- Active: 1 June 1974
- Disbanded: 1992
- Country: South Africa
- Allegiance: Republic of South Africa
- Branch: South African Army
- Type: Special forces
- Role: Reconnaissance
- Part of: South African Defence Force
- Garrison/HQ: Pretoria
- Motto: We Dare—Ons Waag

= 2 Reconnaissance Commando (South Africa) =

South African special forces reserve unit (1974–1992)

2 Reconnaissance Commando, redesignated 2 Reconnaissance Regiment in 1981, was the Active Citizen Force unit of the South African Special Forces. Its part-time personnel formed part of the reserve component of the South African Defence Force. It was based in Pretoria and disbanded in 1992.

==History==
The unit was established in Pretoria in 1974 out of the Hunter Group. The Hunter Group was a body of Citizen Force soldiers who, under the auspices of the South African Irish Regiment, had begun arranging specialised training.

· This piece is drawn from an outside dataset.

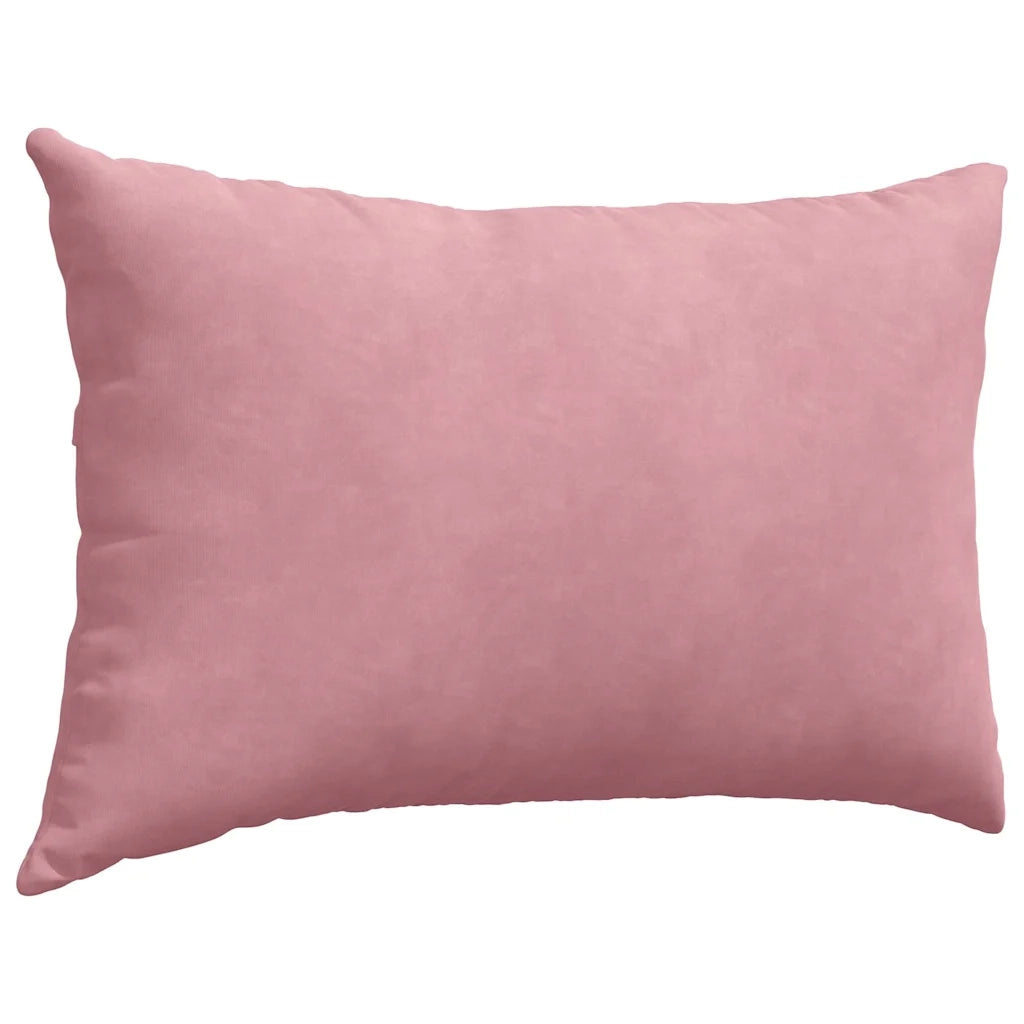 Cuscini da Divano 2 pcs Rosa 60 x 40 cm Tessuto in Cords 42013674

They were formalised into a Special Forces unit largely at the insistence of Brigadier G. W. Germishuizen, then commanding officer of Witwatersrand Command.

Most of its complement were operators and support personnel who had left full-time military service for civilian careers. They remained available for call-up on Special Forces operations. The Truth and Reconciliation Commission recorded its total strength as between 2,000 and 3,000, of whom only a few hundred were operational.

Its first operational deployment came at the start of Operation Savannah (Angola). Members were called up from their civilian occupations at short notice. Some reached an operational area within a few days of leaving a civilian job in South Africa.

In 1981 the unit was redesignated 2 Reconnaissance Regiment. It was disbanded in 1992 as part of a rationalisation of the South African Defence Force.

==Leadership==
The unit had only one commanding officer.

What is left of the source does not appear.